Presenters: Roy Tennant, OCLC; Mike Beccaria, Paul Smith's College; Adam Traub, St. John Fisher College

Have you ever been stuck trying to figure out the alternate title of a publication, see when the online edition started, or looked into the peer-review status of journals for a department-wide project? xISSN is a Web Service available from OCLC to help with all of these situations and more.  Come hear how two different librarians from Paul Smith's College and St. John Fisher College created scripts, mash-ups and modules using xISSN to help manage the stream of serials data via machine-to-machine processing for their staff and users.

(2) Industry Initiatives - What You Need to Know

Presenter: Ross MacIntyre, Mimas, The University of Manchester

Professional societies worldwide have undertaken projects that can affect and inform NASIG members. There are numerous initiatives underway that have some effect on the serials industry, from production, purchase and provision, to consumption, usage analysis and archiving. This session would aim to provide a brief introduction to such developments , including some of those involving UKSG. Learn about their initiatives such as Project Transfer, Knowledge Bases and Related Tools (KBART), Journal Usage Factor, Publisher and Institutional Repository Usage Statistics (PIRUS) and JISC's Usage Statistics Portal project.

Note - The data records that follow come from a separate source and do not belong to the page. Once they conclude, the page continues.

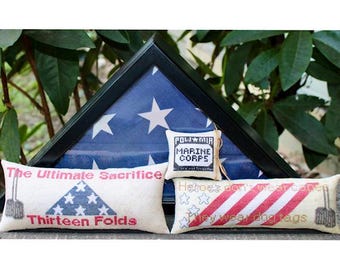 Stitches of Valor PDF Cross Stitch Pattern Set | Patriotic Military Tribute Cross Stitch | Veteran Memorial Cross Stitch | American Flag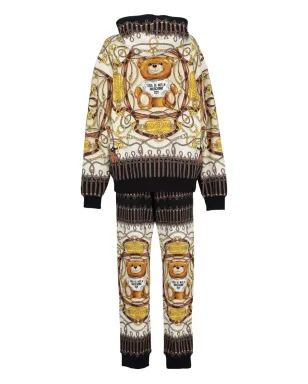 Moschino Pre-Owned チェーンプリント トラックスーツ ブラウン - サムネイル2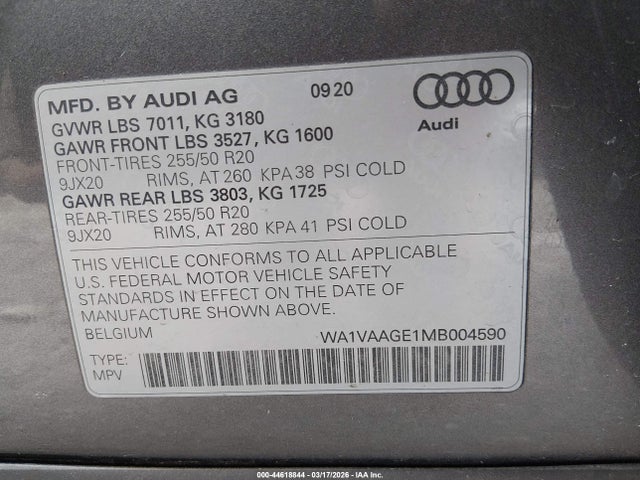 2021 AUDI E-TRON WA1VAAGE1MB004590 Photo 8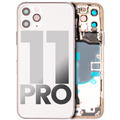 Back Housing W/ Small Components Pre-Installed For iPhone 11 Pro (Used OEM Pull: Grade B) (Silver)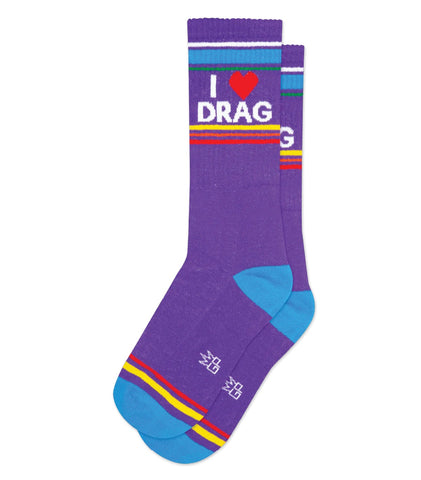 I ❤️ Drag Unisex Crew Socks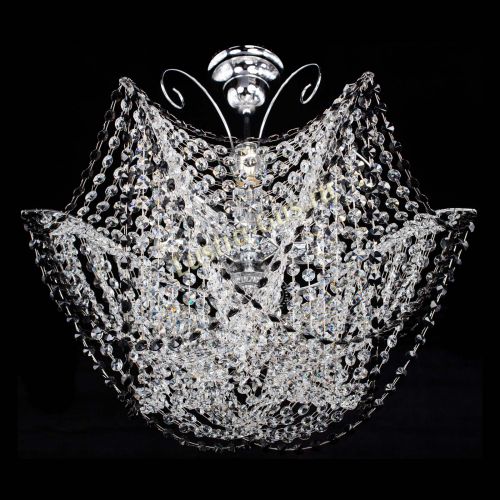 Люстра Орхидея №3 черная в Химках Гусь Хрустальный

(3) Let the Patron Drive: Purchase on Demand of E-books

Presenters: Jonathan Nabe and Andrea Imre, Southern Illinois University

Southern Illinois University Carbondale initiated a Patron Driven Acquisition (PDA) program in the late fall of 2008. Via the MyiLibrary platform, the University community gained access to over 8000 titles from hundreds of publishers. This session will discuss the ins and outs and ups and downs associated with purchasing e-books on demand. We will discuss the plan from various viewpoints, including acquisition, cataloging, collection development and budgeting, and assessment. With over a year’s worth of data, we will detail results and provide analysis of user behavior and preferences, costs, subject coverage, staffing issues and workflow implications. Comparisons with print collection purchases and use during the same time period will be made.

(4) Licensing Electronic Journals through Non-Subscription-Agent "Go-Betweens"

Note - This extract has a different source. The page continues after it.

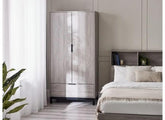 Bali Grey Oak Wardrobe - room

Presenters: Betty Landesman, NIH; Pinar Erzin, Accucoms, Inc.

Conventional licensing wisdom says that libraries work either through subscription agents or directly with publishers.  There is in fact a middle way, where for-profit or not-for-profit organizations handle pricing inquiries, terms and conditions, and often customer service on behalf of multiple publishers.  And the libraries can work with one middleperson instead of many separate publisher contacts.  This session will describe the whys and hows of this novel form of outsourcing from the perspective of two such organizations, Accucoms and

(5) Like a Haven in the Shifting Economic Sands

Presenters: Melissa Beck and Valerie Bross, University of California, Los Angeles

Discussion of how the UC CONSER Funnel has used e-learning tools for training & community-building in lean economic times. What types of activities are supported by these tools? What are the lessons learned about organizing successful sessions? What are some of the pitfalls to avoid?

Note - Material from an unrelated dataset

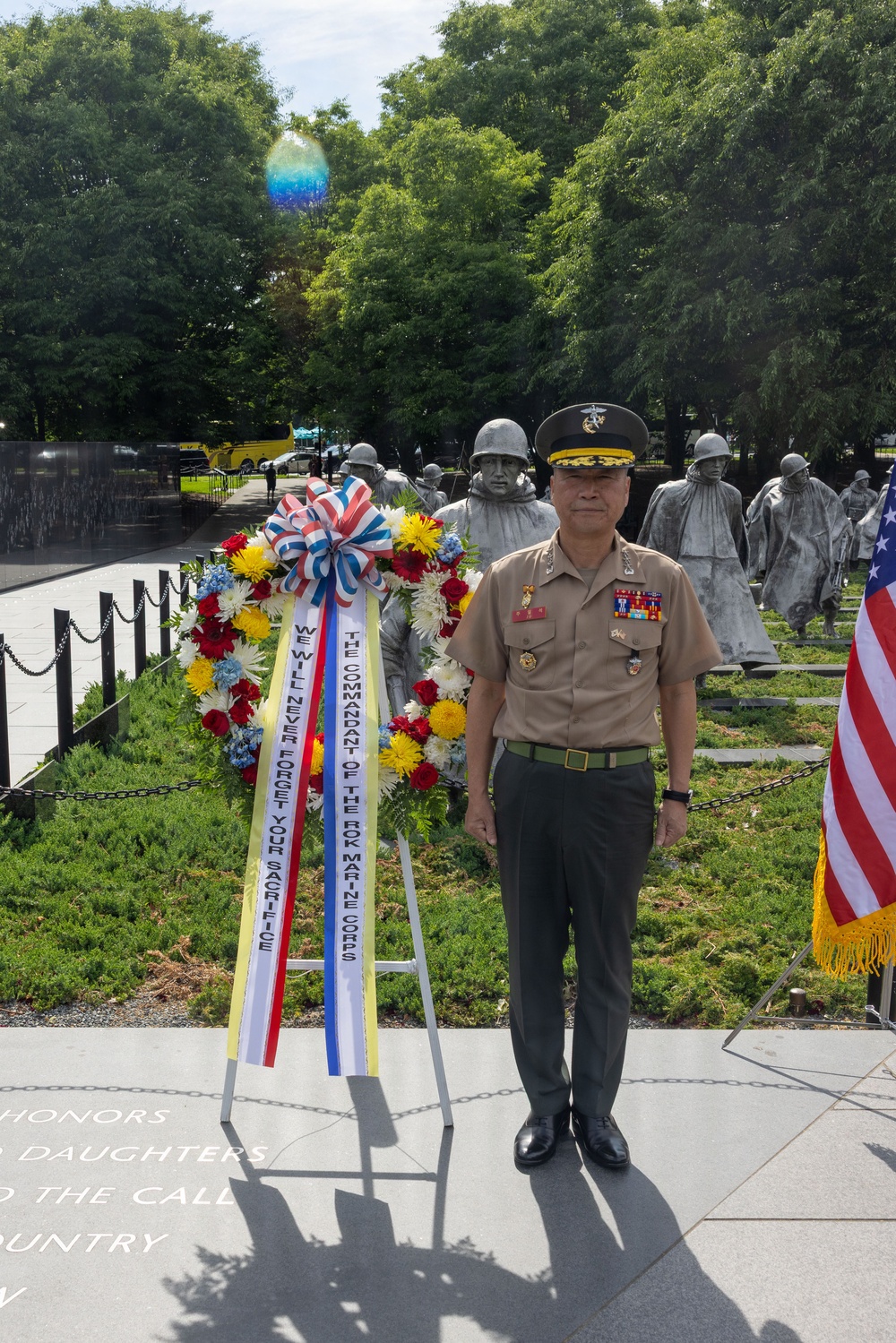 Korean War Memorial Wreath Laying Ceremony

TACTICS C - Sunday, June 6, 9:00-10:00am

(1) Beyond Lists and Guides: Using Usability to Help Students Get the Most out of E-Resources

Presenters: Amy Fry, Bowling Green State University

Most libraries maintain A-Z lists, subject lists and detailed descriptions of their databases and ejournals, usually from metadata housed in ERMs, homegrown databases, or vendor knowledgebases. But do these lists and records really help our users find and choose the most appropriate resources for their research needs? What web design and development choices can we make to help users get the most out of our electronic collections? This presentation will report on background research and web usability testing carried out at Bowling Green State University in Ohio designed to find out how libraries can not just make better lists, but support how users really connect to e-resources. The presenter will provide an assessment of established best practices for the presentation of databases and ejournals on library websites, share the methodology and results of web usability testing conducted at BGSU in 2009-2010, and show the resulting web design changes made using BGSU’s instances of the Millennium ERM, LibGuides, CMS, and Serials Solutions.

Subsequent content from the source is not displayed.